Question

when bwa mem run with different thread, output.sam is different.

1

Entering edit mode

8.2 years ago

Peavil ▴ 10

Hi,

I run bwa-mem with same sample, different number of thread.

and then, output file(sam) is different.

my bwa version is 0.7.13,

I see the bwa notice (https://github.com/lh3/bwa/blob/master/NEWS.md)

Release 0.7.13 (23 Feburary 2016)

Fixed a potential bug in the multithreading mode. It may occur when mapping is much faster than file reading, which should almost never happen in practice.

Why they are still different?

thread running data(samtools flagstat)

150380122 + 0 in total (QC-passed reads + QC-failed reads)

0 + 0 secondary

145716 + 0 supplementary

0 + 0 duplicates

150143022 + 0 mapped (99.84% : N/A)

150234406 + 0 paired in sequencing

75117203 + 0 read1

75117203 + 0 read2

148053330 + 0 properly paired (98.55% : N/A)

149791510 + 0 with itself and mate mapped

205796 + 0 singletons (0.14% : N/A)

1519238 + 0 with mate mapped to a different chr

1330739 + 0 with mate mapped to a different chr (mapQ>=5)

no-thread running data(samtools flagstat)

150380124 + 0 in total (QC-passed reads + QC-failed reads)

0 + 0 secondary

145718 + 0 supplementary

0 + 0 duplicates

150143026 + 0 mapped (99.84% : N/A)

150234406 + 0 paired in sequencing
75117203 + 0 read1

75117203 + 0 read2

148053228 + 0 properly paired (98.55% : N/A)

149791516 + 0 with itself and mate mapped

205792 + 0 singletons (0.14% : N/A)

1519274 + 0 with mate mapped to a different chr

1330758 + 0 with mate mapped to a different chr (mapQ>=5)

bwa mem sequencing alignment • 2.9k views

ADD COMMENT • link updated 8.2 years ago by GenoMax 150k • written 8.2 years ago by Peavil ▴ 10

score 2 · Answer 1 · 2017-01-09

2

Entering edit mode

8.2 years ago

Brian Bushnell 20k

I'm not sure about bwa, but BBMap tracks the average insert size independently in each thread, to reduce the penalty for communicating between threads. As a result, BBMap has slightly non-deterministic output when run multithreaded with paired reads, because the decision of whether or not reads are properly paired - which also affects the decision of where to best place each read in a pair - is affected by the average insert size, which changes as the program runs. This is a very difficult problem to solve optimally in a multithreaded context without running the program multiple times, or something similarly slow, and may be generally impossible to solve in any context for an algorithm that uses insert-size statistics to improve accuracy (and is thus dependent on the output of a prior run). So, I believe your slightly non-deterministic results are by design rather than the result of a bug. It's likely that if you reorder the input by shuffling it, it will give similarly different results even in singlethreaded mode (BBMap will).
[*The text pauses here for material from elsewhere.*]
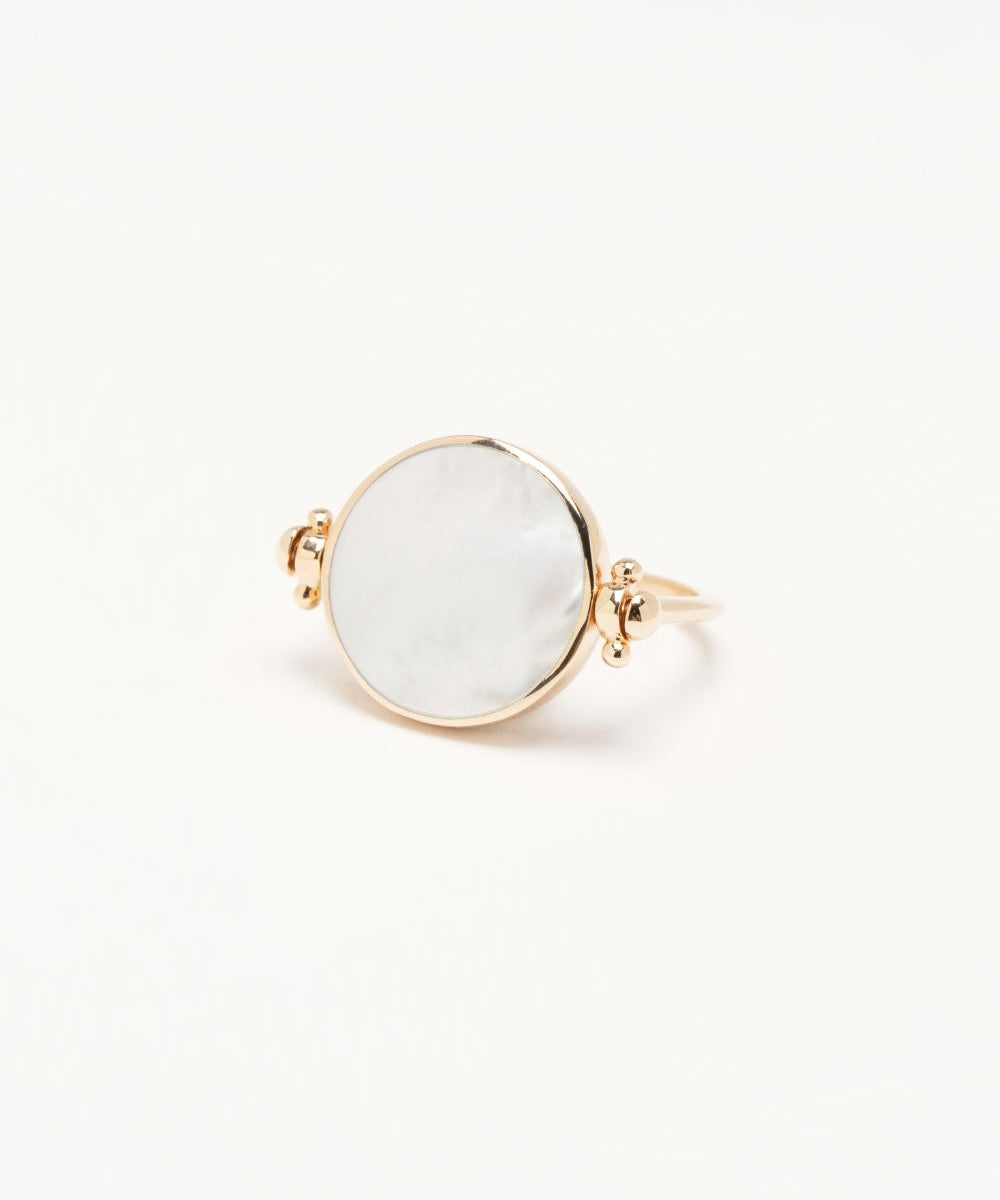 Orphée bijoux Bague de forme ronde en nacre blanche et en plaqué or 3 microns 750/1000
In practice, this does not generally lead to noticeable negative effects, because the difference is very small and only affects reads that map ambiguously, typically with low quality, such that the mapper can't really place them accurately.

ADD COMMENT • link 8.2 years ago by Brian Bushnell 20k

0

Entering edit mode

First, thanks for your information.

I'm confused, if a different data are low quality, shouldn't it filtered on pipeline like 'base recalibrator'?

when I run Mutect2 with two different mapping data from one sample, they resulted slightly different number of 'PASS' filtered mutation from Mutect2 output.

is it no problem in practice~?

thanks again. (I am bioinfo newbie. sorry about basic question.)

ADD REPLY • link 8.2 years ago by Peavil ▴ 10

2

Entering edit mode

Not necessarily. It depends on the variant-caller. There will always be some borderline cases. Let's say any variant with quality>20 passes filter, and variants with quality<20 fail filter. A single read mapped to a different place might change a variant from quality 20.07 to quality 19.91. So it goes from PASS to FAIL. It's still the same variant, and the evidence is basically the same.

You have to understand that you are using programs as a proxy for your intelligence. You could, of course, examine all 20 million variants individually, and if you were perfect, you'd do a better job than the variant-caller. But, in practice, you'd get bored and make mistakes (and it would take forever). So you are using variant-callers as a shortcut. As such, it's a good idea to study the variant calls, to be able to determine which ones are obviously true, and which are obviously false. With enough experience, your knowledge will be better than the hard-coded rules of current variant-callers. At that point, you can just set a somewhat lower threshold and manually examine all borderline cases to determine which are real and which are not. I guess, a variant-caller should be considered as more like triage than diagnosis.